Тр-р-рах! Могучий удар кулака обрушился на столешницу, и по полированной поверхности зазмеилась трещина. Тимаев, икнув, умолк на полуслове, отпрянул. Прямо перед ним оказались сумрачные чёрные глаза. Смуглое, окаменевшее от бешенства лицо.

– Осмелюсь напомнить, МИЛОСТИВЫЙ ГОСУДАРЬ, что побег этот целиком на вашей совести! Что это вам приспичило тискать невесту Антипа! Да-да, ту самую Василису, которую вы заставляли у вас в доме «мыть полы»! Ту самую Василису, которую мы с Устей полгода лечили от тяжёлой болезни, от помешательства! И не смели надеяться на успех!

– Да как вы смеете… щенок! Я вас…

– Смею!!! – загремел Иверзнев. – Неужто вы думаете, что я вас боюсь?! Неужто вы полагаете, что я оказался бы здесь, в Сибири, у чёрта на рогах, если бы боялся вот таких… слуг отечества?! Всё, на что вы способны, – издеваться над беспомощными людьми! Мучить беззащитную девчонку в кандалах! Делать невыносимым положение людей, которым и без вас тяжело! Бунт, вы говорите?! Да ваше счастье, что Лазарев и Кострома мужиков тогда в остроге остановили! Здесь на триста каторжников – полтора десятка казаков! Да рота инвалидов, из которых песок сыплется! К утру от завода остались бы угольки, а от вас – мокрое место! А каторжане рассыпались бы по тайге и – поминай как звали! Люди доведены были вашими «строгостями» до крайности! А ведь здешний народ ко всему привычен! Так что это по вашей милости братья Силины с завода урвались! Вместе со своими бабами! А мне без Устиньи как без рук! Эпидемия, чёрт возьми, дифтерит, дети мрут, а вы… Вы! С-с-сукин вы сын, свинья тупорылая, каналья! Морду бы я вам разбил без всякой субординации, кабы это имело пользу! За Устинью! За Василису! За Силиных! За мужиков в остроге!!!

– Михайла Николаевич, родненький… Помилуйте…

Жалобный писк, раздавшийся с порога, заставил Иверзнева замолчать. Тяжело дыша, он выпрямился. Повернулся. В дверях стояла Меланья – фельдшерица из заводского лазарета. К своему животу, уже заметно округлившемуся в последний месяц, она прижимала полотняную сумку. Карие глаза Меланьи были огромными от ужаса. Из-за плеча фельдшерицы виднелось ошарашенное лицо Лазарева – заводского инженера.
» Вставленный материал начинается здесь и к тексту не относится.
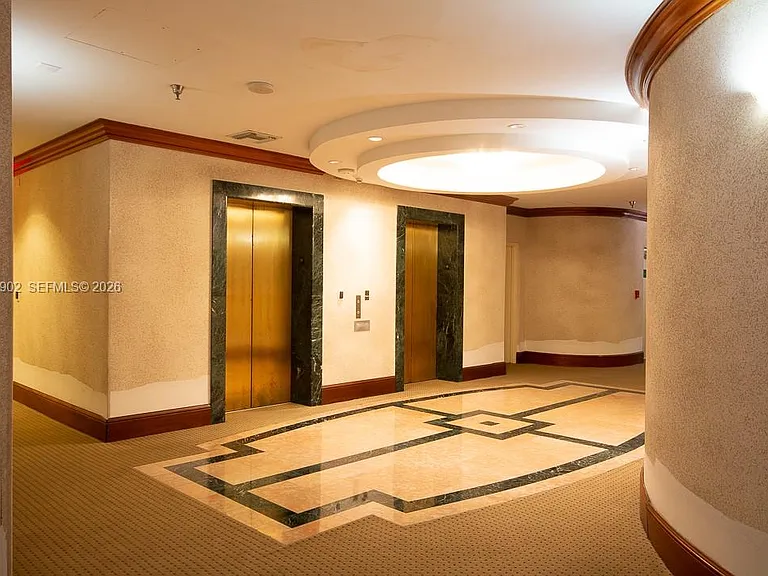 5757 Collins Ave #703 — Photo 28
– Мишка, ты рехнулся?.. В виннице было слышно, как ты орёшь!

– У Натальи Владимировны дифтерит, – хриплым голосом отозвался Михаил, растирая разбитый кулак. – Меланья, перестань трястись… мы просто погорячились в разговоре с Владимиром Ксаверьичем. Ты принесла то, что я просил? Очень хорошо. Возьми ещё миску в кухне и водки, скажи – я велел. И – вон отсюда немедленно! Сколько раз я тебе говорил не подходить к дифтеритным? – он шагнул к двери в спальню.